There are things that fascinate us, and drive us to plumb their meaning. Some many years ago, in the meadow surrounding Raystown Lake in Pennsylvania, I saw Common Wood Nymphs with spectacular baby-blue eyespots on the forewings. After some minutes, this small pod of Wood Nymphs disappeared, and I could no longer shake them out of the meadow grasses.
I will never forget that morning. Those wing ‘eyes’ tore at my imagination.
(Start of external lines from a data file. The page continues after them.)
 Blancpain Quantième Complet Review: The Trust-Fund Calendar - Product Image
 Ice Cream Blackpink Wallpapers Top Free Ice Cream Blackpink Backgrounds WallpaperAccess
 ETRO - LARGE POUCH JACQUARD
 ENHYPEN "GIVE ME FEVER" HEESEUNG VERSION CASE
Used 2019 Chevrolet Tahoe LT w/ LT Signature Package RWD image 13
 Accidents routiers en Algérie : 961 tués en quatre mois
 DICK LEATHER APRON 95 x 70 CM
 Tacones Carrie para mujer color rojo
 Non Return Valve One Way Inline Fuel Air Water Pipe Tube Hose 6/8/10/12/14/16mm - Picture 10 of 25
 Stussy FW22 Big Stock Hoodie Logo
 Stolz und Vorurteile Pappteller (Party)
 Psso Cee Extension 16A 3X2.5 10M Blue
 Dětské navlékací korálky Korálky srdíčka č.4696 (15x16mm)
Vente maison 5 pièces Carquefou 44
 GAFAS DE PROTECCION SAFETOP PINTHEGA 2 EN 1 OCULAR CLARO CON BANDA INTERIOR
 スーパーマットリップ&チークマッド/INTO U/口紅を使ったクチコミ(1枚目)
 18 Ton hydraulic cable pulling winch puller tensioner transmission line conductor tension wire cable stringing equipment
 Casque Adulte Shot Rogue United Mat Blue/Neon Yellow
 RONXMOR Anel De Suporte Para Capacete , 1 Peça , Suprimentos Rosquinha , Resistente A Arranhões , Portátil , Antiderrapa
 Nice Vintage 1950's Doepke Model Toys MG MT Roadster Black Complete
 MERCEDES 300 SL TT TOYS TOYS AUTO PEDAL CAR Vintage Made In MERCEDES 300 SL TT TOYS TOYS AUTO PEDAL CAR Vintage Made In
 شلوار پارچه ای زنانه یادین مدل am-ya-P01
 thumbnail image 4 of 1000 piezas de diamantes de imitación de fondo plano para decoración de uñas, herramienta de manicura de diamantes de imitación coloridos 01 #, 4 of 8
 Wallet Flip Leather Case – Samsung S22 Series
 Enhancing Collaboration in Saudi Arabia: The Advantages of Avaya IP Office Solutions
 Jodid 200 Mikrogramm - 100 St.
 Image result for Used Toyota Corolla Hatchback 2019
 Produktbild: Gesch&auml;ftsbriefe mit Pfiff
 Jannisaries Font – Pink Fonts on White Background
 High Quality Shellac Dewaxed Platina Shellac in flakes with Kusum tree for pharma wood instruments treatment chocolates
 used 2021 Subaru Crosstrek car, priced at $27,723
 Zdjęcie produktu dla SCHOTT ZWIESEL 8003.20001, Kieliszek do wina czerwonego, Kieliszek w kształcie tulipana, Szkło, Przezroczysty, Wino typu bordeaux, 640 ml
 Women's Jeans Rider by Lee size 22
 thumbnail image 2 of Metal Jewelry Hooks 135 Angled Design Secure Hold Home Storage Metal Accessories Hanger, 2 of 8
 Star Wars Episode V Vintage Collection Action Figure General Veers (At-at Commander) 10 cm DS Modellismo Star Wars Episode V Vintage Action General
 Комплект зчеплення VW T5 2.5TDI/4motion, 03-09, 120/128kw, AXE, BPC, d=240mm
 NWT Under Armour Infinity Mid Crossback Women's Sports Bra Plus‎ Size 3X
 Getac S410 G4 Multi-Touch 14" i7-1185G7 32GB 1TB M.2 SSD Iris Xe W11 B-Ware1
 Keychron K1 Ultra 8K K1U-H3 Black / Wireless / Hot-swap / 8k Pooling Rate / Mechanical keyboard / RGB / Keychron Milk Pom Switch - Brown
Why were they so different at this lakeside habitat? ‘Eyes’ so large, so comely blue?
Seems on an earlier trip to visit Israel, I brought with me my copy of Robert Michale Pyle’s book, The Thunder Tree – Lessons From An Urban Wildland (Houghton Mifflin Company, 1993). Nearly three weeks ago, after finishing a couple of mystery novels that Rachel had on her Mishmarot bookshelf, I spotted The Thunder Tree, left there by . . . me. I picked it up, and began a re-read that continued on my April 25th El Al flight, and well today, bells and whistles started to go off. Pyle describes how, as a high schooler, he noted the variety of Wood Nymph eyespots along his beloved High Line Canal in what is now Aurora, Colorado. He shares: “One day as I picked my way through the Sand Creek glade, watching out for the poison ivy whose leaves were as shiny as the cottonwoods,’ I spotted a pale female wood nymph and gave chase. She took cover in a clump of willow and disappeared on a trunk of her own color. Large and perfect, she was invisible with her wings tucked down. Then, disturbed by a fly, her forewings spread, revealing the big, cowlick eyespots that gave her subspecies the name bo-opis, or the ox-eyed wood nymph.” What does Pyle attribute this broad variety of eyespots to? “I concluded that all of these Peggies [Wood Nymphs] belonged to one big plastic species with a lot of latitude for expression, a theory later confirmed by better scientists than I . . . . I showed, to my satisfaction, that wood nymphs escape predation by flashing their big blue eyes . . . .”
Two years ago, Barbara Ann introduced me to Clay Pond in very western New York state. In the wet meadow that surrounded the protected pond, I flushed out this stunner of a Wood Nymph. Would you look at those forewing ‘eyes!’ Mind you not quite baby-blue, but huge, prominent and encircled by hot! yellowish rings! The very kinds of in-your-face butterfly beauty that Pyle and I both find, well startling, enchanting, extraordinary and a bunch more.
Once every so many years I meet such Wood Nymphs again, and it electrifies, Truth Be Told.